*What is needed*
Only one stretch of the data below should be repeated: the lines from the line containing "Chuyển đổi năng" through the line containing "Котоматрица: десятый раз", inclusive, exactly as they are.

*Dataset extract*
• • •

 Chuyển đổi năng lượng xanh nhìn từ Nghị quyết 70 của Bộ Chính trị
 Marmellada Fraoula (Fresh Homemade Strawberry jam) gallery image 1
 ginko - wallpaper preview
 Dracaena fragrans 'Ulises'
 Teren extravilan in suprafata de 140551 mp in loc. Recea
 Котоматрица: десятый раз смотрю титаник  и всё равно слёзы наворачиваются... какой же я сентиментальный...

• • •

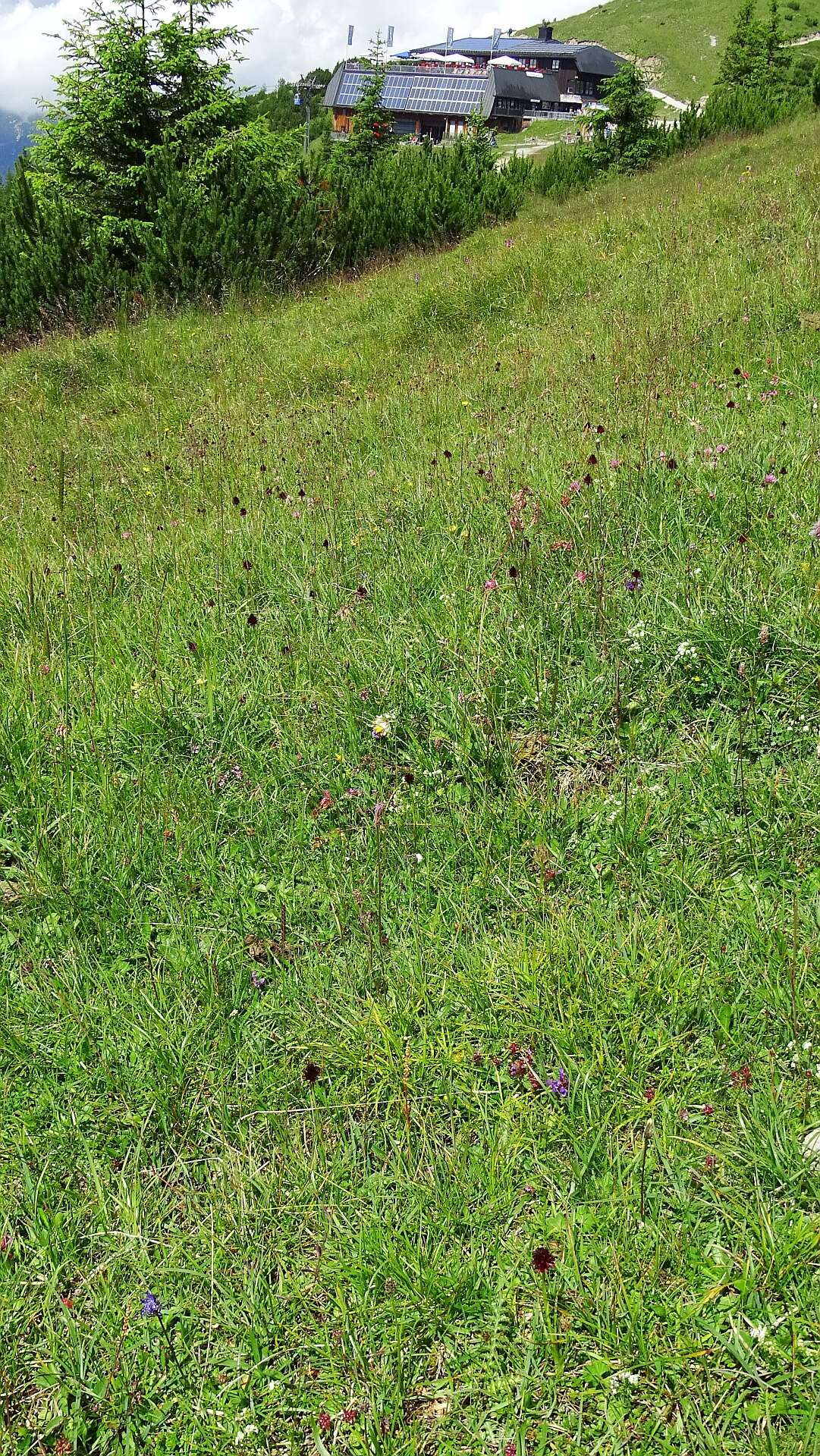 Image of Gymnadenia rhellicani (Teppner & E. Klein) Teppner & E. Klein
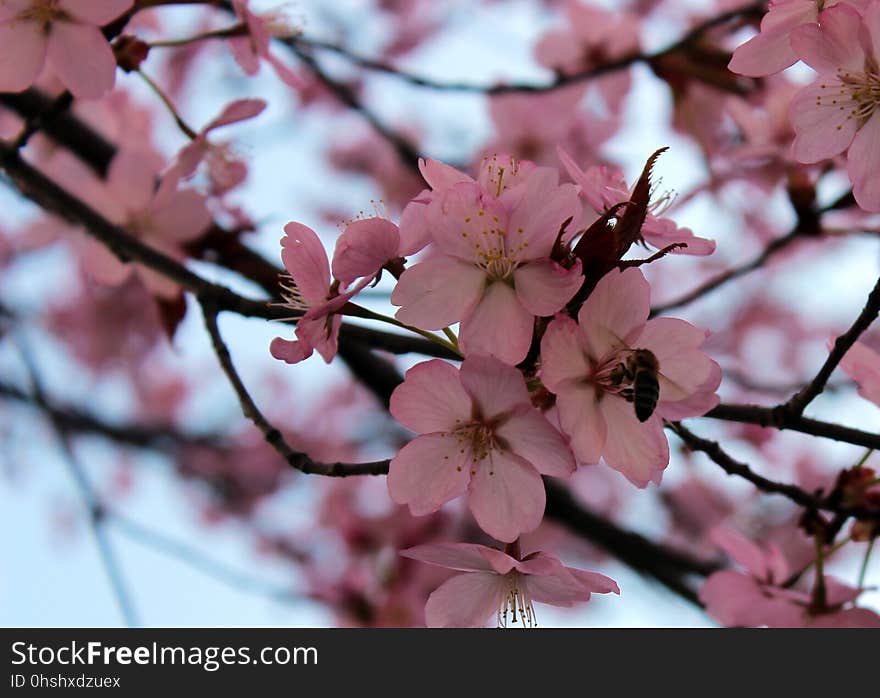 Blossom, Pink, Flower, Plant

• • •

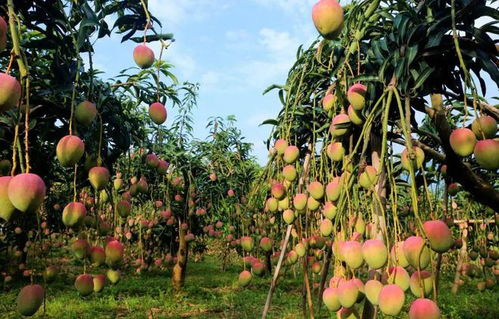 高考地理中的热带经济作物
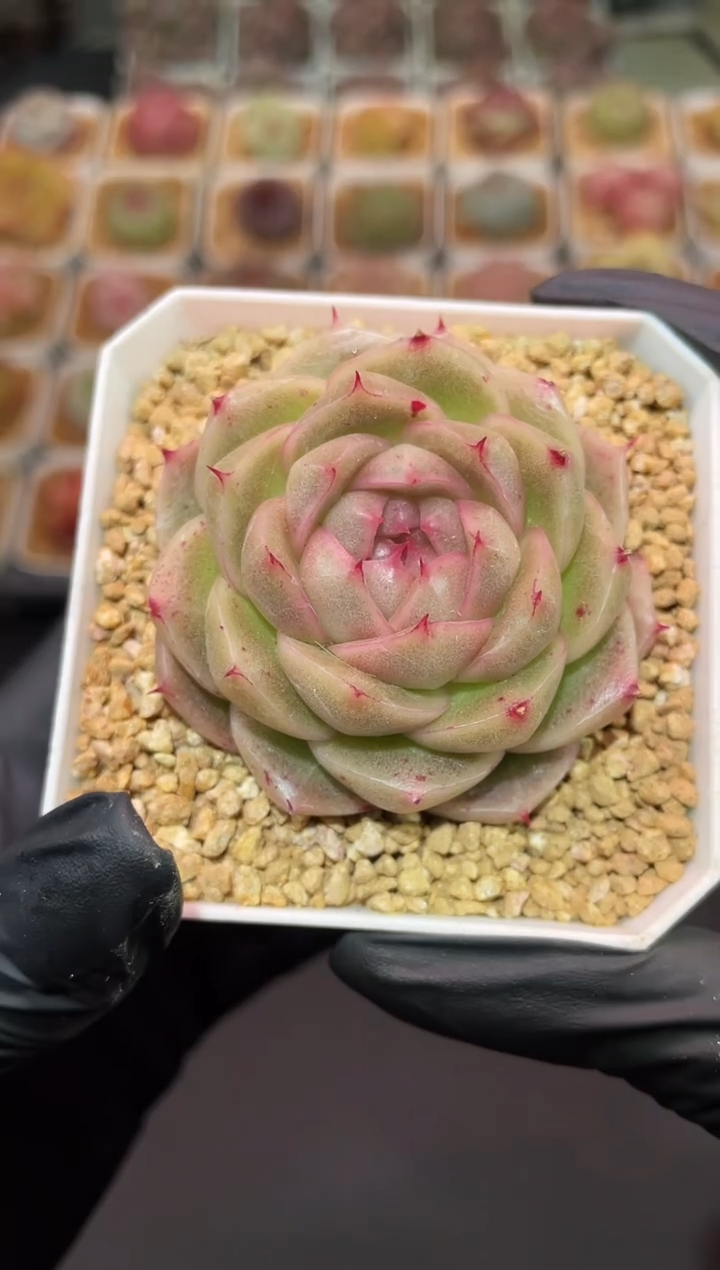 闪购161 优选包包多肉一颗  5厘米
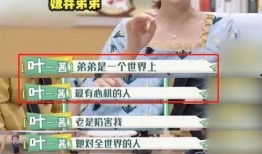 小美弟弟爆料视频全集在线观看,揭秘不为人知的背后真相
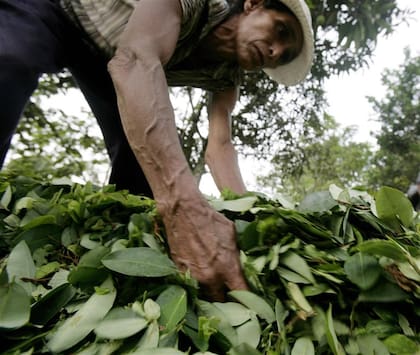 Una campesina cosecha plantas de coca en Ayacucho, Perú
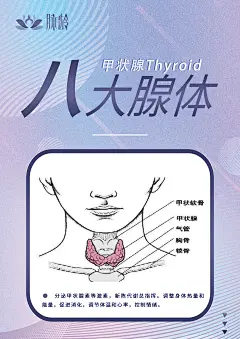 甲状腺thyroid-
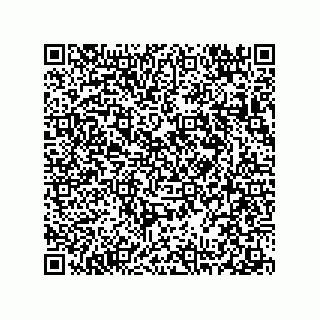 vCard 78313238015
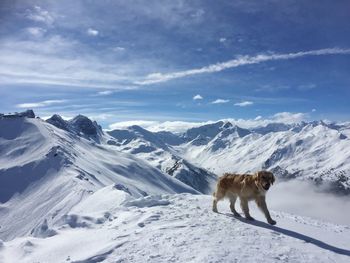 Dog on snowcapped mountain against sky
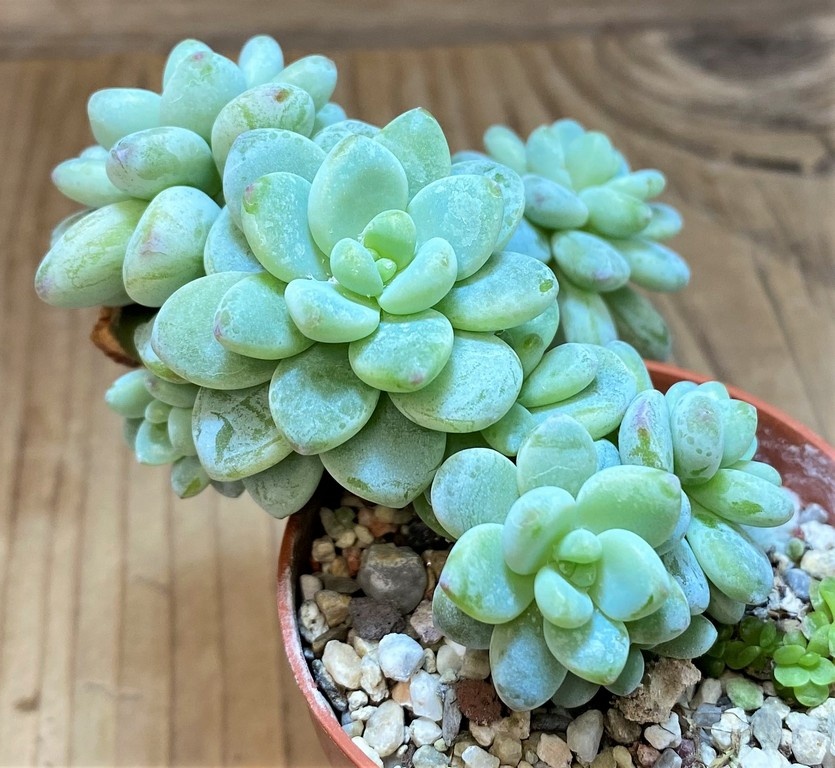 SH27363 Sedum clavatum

• • •

*Answer box*
 Chuyển đổi năng lượng xanh nhìn từ Nghị quyết 70 của Bộ Chính trị
 Marmellada Fraoula (Fresh Homemade Strawberry jam) gallery image 1
 ginko - wallpaper preview
 Dracaena fragrans 'Ulises'
 Teren extravilan in suprafata de 140551 mp in loc. Recea
 Котоматрица: десятый раз смотрю титаник  и всё равно слёзы наворачиваются... какой же я сентиментальный...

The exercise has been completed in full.